**Collected material:**
***

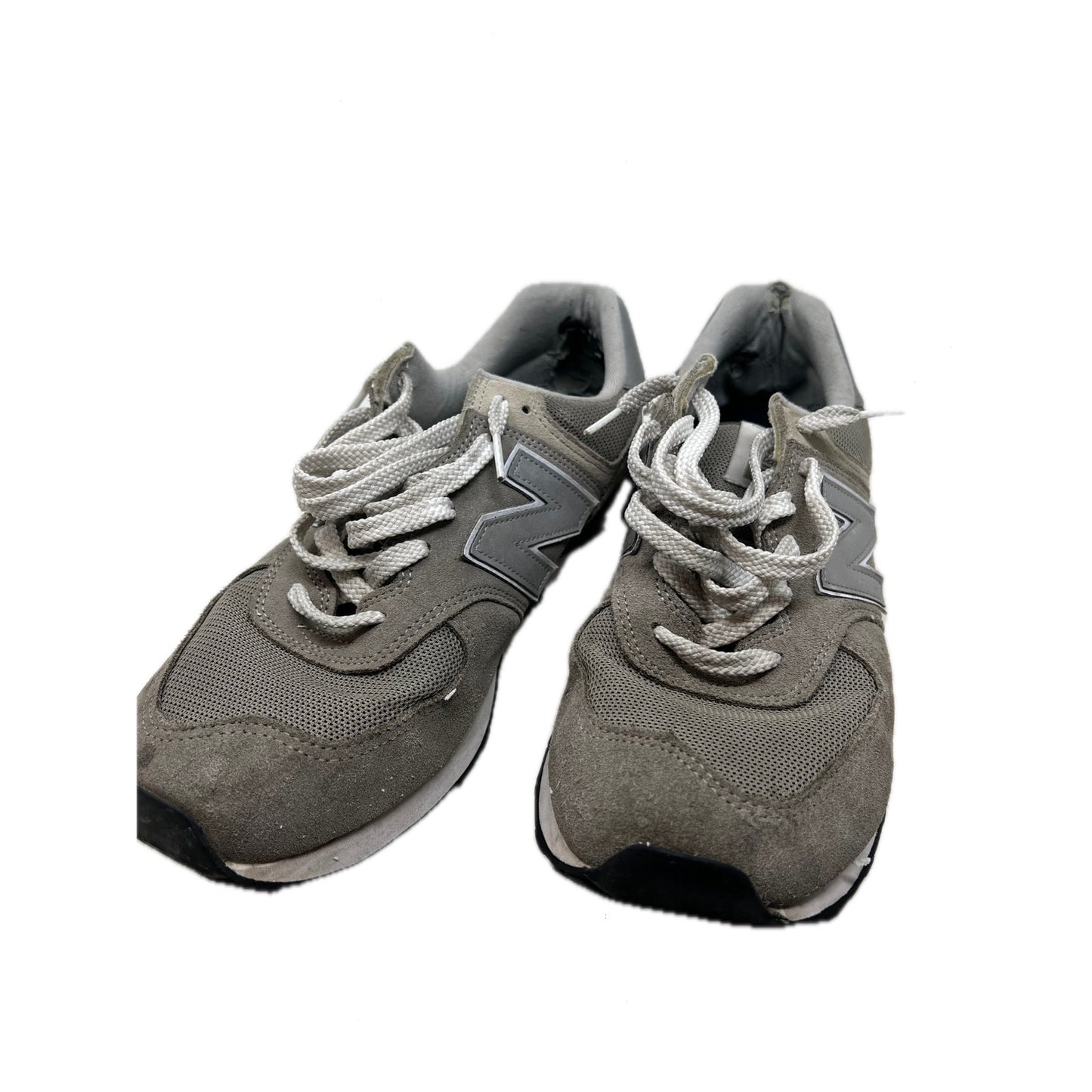 New Balance 574 Core Fabric Shoes Gray Mens 11.5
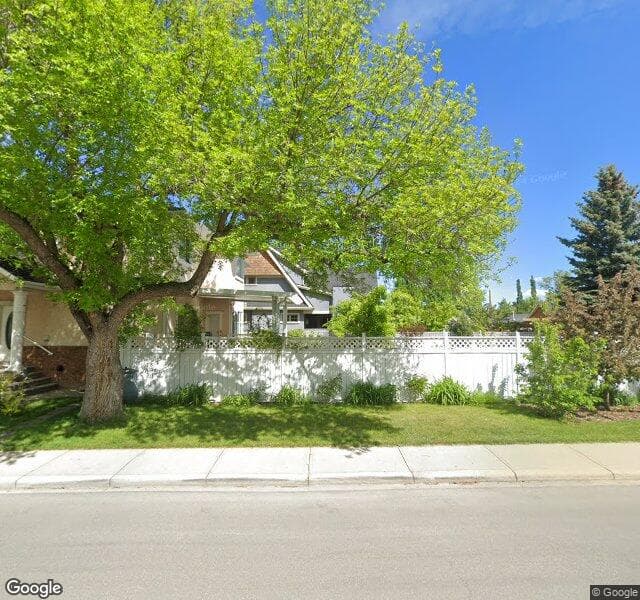 Street view of 739 24 Avenue NW, Calgary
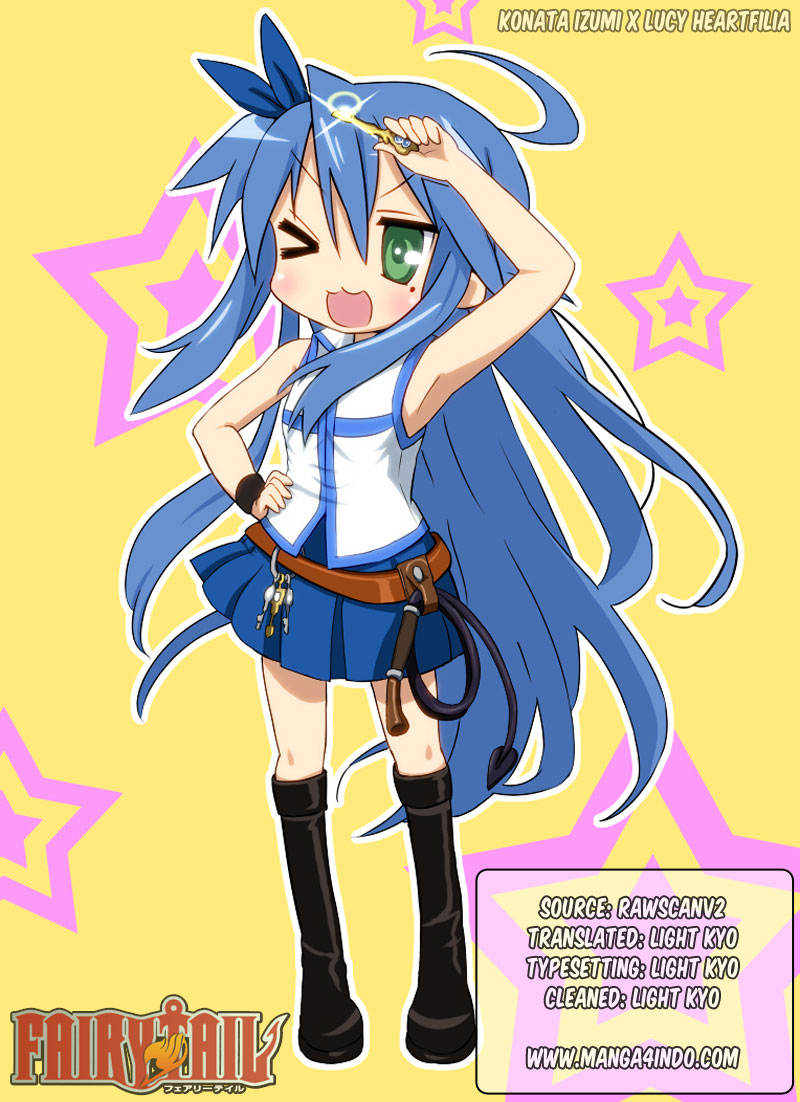 Baca Komik Fairy Tail Chapter 105 Gambar 1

***

Give the material above again exactly as it stands, minus any images.

 New Balance 574 Core Fabric Shoes Gray Mens 11.5
 Street view of 739 24 Avenue NW, Calgary
 Baca Komik Fairy Tail Chapter 105 Gambar 1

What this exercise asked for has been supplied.